__What you are asked to do__: Line by line, give the data again exactly as it appears, but without pictures.
(Supplied material begins)
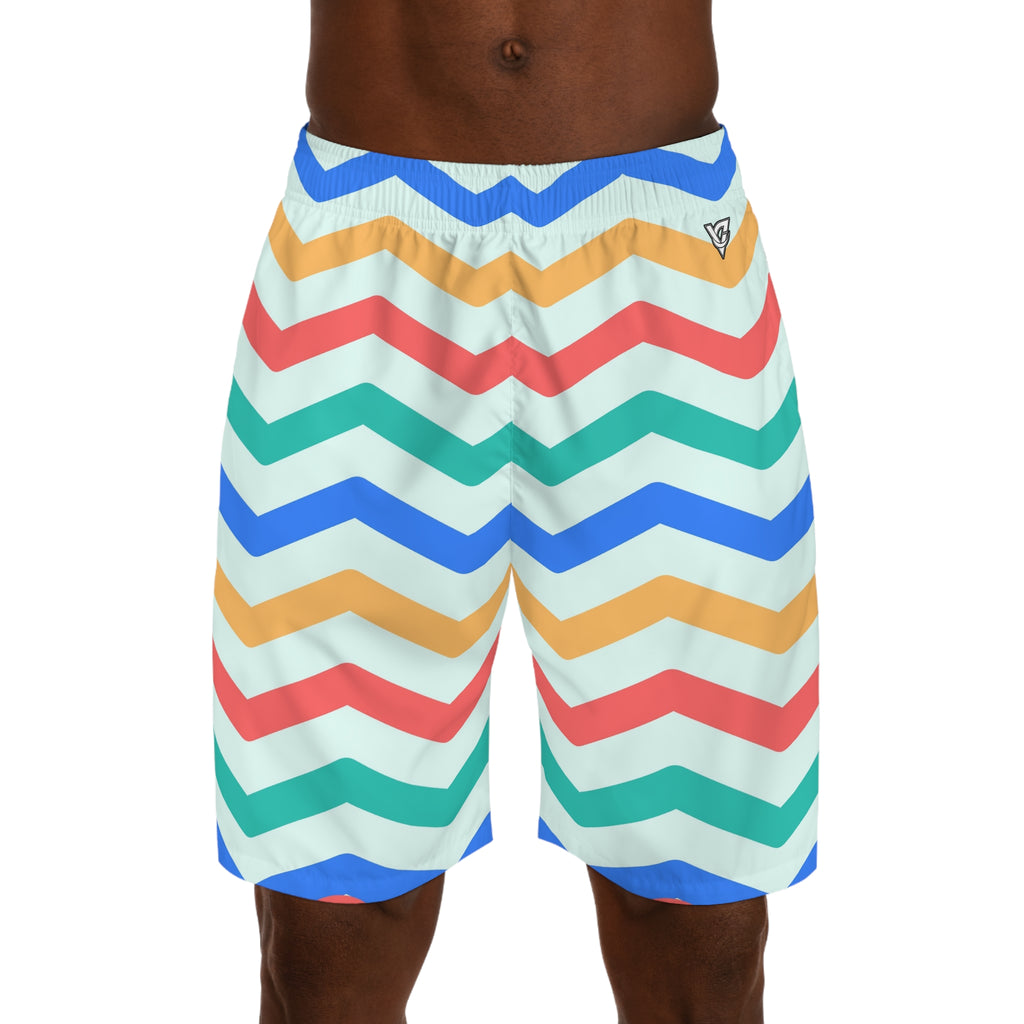 Pickleball Sea Glass Chevron Rush Men's Athletic Shorts with Pockets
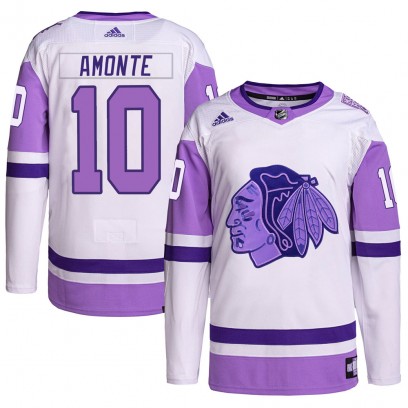 Youth Authentic Chicago Blackhawks Tony Amonte Adidas Hockey Fights Cancer Primegreen Jersey - White/Purple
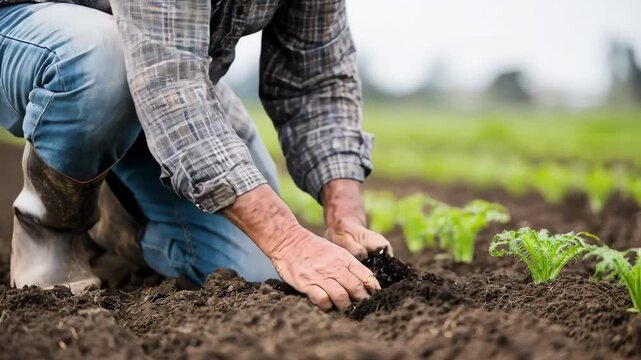 Footage of hands spreading chunky pine biochar over farmland illustrating carbonrich soil additive supporting longterm soil fertility.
(Supplied material ends)
__Exercise response__:
 Pickleball Sea Glass Chevron Rush Men's Athletic Shorts with Pockets
 Youth Authentic Chicago Blackhawks Tony Amonte Adidas Hockey Fights Cancer Primegreen Jersey - White/Purple
 Footage of hands spreading chunky pine biochar over farmland illustrating carbonrich soil additive supporting longterm soil fertility.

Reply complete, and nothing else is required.